Le cronache sportive mescolate ai cantautori e alla gastronomia
Pur avendo seguito una trentina di Tour de France e innumerevoli avveniment sportivi, Mura amava mescolare i generi intrecciando le sue cronache con gustosi riferimenti gastronomici, letterali e musicali, di cui era un grande appassionato. Amava gli chansonnier francesi, ma anche i cantautori italiani come Endrigo, Fossati, De Gregori. Gli piaceva la canzone popolare, quella di Giovanna Marini e del Canzoniere italiano.
Ecco perchè i suoi pezzi erano molto letti. Perchè non erano solo per specialisti. Se anche non capivi nulla di moduli e di schemi, di cronometro e di volate, con Mura andavi sul sicuro: prima o poi ti avrebbe portato in una deliziosa brasserie di Hautacam, oppure sotto un tiglio della campagna francese a sorseggiare un bel pernod. E dava anche consigli, ricette, indirizzi, play list musicali da viaggio.
Una miniera d’oro per cultori del genere. Amava la buona cucina, quella dai sapori forti. La sua rubrica “mangia e bevi” con la moglie Paola era sempre bene informata e prodiga di consigli. Diciamo che i vegani non erano in cima ai suoi pensieri. Preferiva le carni, gli arrosti, innaffiati da un raffinato barbaresco o anche un più rustico dolcetto.

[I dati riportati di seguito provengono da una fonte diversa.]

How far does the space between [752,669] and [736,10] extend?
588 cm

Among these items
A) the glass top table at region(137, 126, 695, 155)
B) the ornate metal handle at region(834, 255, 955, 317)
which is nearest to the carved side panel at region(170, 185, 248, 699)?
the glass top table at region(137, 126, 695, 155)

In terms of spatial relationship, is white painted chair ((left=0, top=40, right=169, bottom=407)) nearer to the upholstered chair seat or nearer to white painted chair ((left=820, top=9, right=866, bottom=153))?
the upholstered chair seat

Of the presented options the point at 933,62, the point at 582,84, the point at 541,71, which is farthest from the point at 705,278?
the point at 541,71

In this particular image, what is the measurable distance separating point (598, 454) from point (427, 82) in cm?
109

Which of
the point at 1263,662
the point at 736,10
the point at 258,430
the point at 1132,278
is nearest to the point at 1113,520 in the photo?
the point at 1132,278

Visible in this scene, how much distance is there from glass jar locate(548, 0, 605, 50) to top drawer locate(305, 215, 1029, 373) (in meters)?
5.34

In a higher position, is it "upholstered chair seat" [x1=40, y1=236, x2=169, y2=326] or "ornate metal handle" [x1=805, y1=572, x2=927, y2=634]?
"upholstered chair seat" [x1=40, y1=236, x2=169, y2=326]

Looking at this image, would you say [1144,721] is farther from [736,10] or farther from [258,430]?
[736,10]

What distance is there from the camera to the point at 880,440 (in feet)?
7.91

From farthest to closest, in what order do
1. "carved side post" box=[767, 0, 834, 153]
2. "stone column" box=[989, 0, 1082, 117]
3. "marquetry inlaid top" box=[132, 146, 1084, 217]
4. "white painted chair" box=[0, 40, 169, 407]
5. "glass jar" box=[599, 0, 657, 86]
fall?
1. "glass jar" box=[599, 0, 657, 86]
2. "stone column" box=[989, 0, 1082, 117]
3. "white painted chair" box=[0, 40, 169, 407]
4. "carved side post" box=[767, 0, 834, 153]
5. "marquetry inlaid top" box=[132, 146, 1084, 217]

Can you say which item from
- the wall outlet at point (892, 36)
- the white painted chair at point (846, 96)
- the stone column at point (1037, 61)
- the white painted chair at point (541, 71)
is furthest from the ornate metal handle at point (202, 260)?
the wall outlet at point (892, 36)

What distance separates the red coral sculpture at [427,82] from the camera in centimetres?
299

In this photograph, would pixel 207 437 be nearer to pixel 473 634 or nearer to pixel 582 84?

Come il suo maestro: Giuanfucarlo Brera.
L’ammirazione per chi ci metteva la faccia
Più ancora di un suo pezzo di cronaca, era sempre molto attesa la sua rubrica domenicale “Sette giorni di cattivi pensieri”, in cui Gianni scriveva di tutto affibbiando voti a destra e sinistra. Più a destra, a dire il vero, ma nella sua severità da preside era equanime. Non gli andavano i gradassi, i politici che fanno gli “annunci” o che sui social le sparano grosse e poi tirano indietro la mano. I leoni della tastiera, brutta gente, diceva.
Ecco, il suo rapporto con la tecnologia, era di “sana diffidenza”. Stava sul chi va là, insomma. Dava spesso voti bassi a chi lanciava tweet a raffica. Umili o potenti, dirigenti o tifosi, non importa. Gli stava a cuore chi si esponeva, atleti come Mohamed Ali, o come Tommie Smith. «Gli atleti pagano sempre le proprie ideologie politiche» diceva con ammirazione.
Apprezzava ancora di più gli atleti meno famosi che non sono conformisti, non si fanno tatuaggi e nelle interviste non dicono «vediamo cosa dice il Mister» oppure «quello che mi interessa è solo il bene della squadra». Il calcio è pieno di queste frasi fatte, soprattutto negli ultimi anni. E lui, da buon preside, rifilava voti bassi come frustate, due e tre come se piovesse.
Una persona perbene, un po’ spigolosa
È stato un grande mangiatore e un grande fumatore. Non si è tirato indietro, diciamolo, come il suo maestro. «Un giorno passai le sigarette perfino a Eddy Merckx» gli piaceva raccontare per scandalizzare gli anti fumatori che considerava altrettanto intolleranti dei fumatori.
Nessuno è perfetto e anche Gianni Mura, fortunatamente, non lo era. Coi giovani colleghi, era indulgente. Sapeva che nessuno nasce imparato. Soprattutto nel giornalismo sportivo dove è facile , per una notizia in più, o un titolo ad effetto, prendere uno sfondone. Ma gli arroganti, no, quelli non li sopportava.
Era un bravo giornalista, e anche una persona perbene. Un po’ spigoloso, qualche volta perfino scorbutico per nascondere una strana timidezza che riaffiorava qua e là. Come tutti quelli che hanno carattere, aveva un brutto carattere, ma era onesto e sincero nei giudizi. Magari sbagliando, ma facendo sempre di testa sua. Come avrebbe scritto Gianni Brera, gli sia lieve la terra . E anche il nostro ricordo di vecchi ragazzi che hanno fatto un pezzo di strada con lui.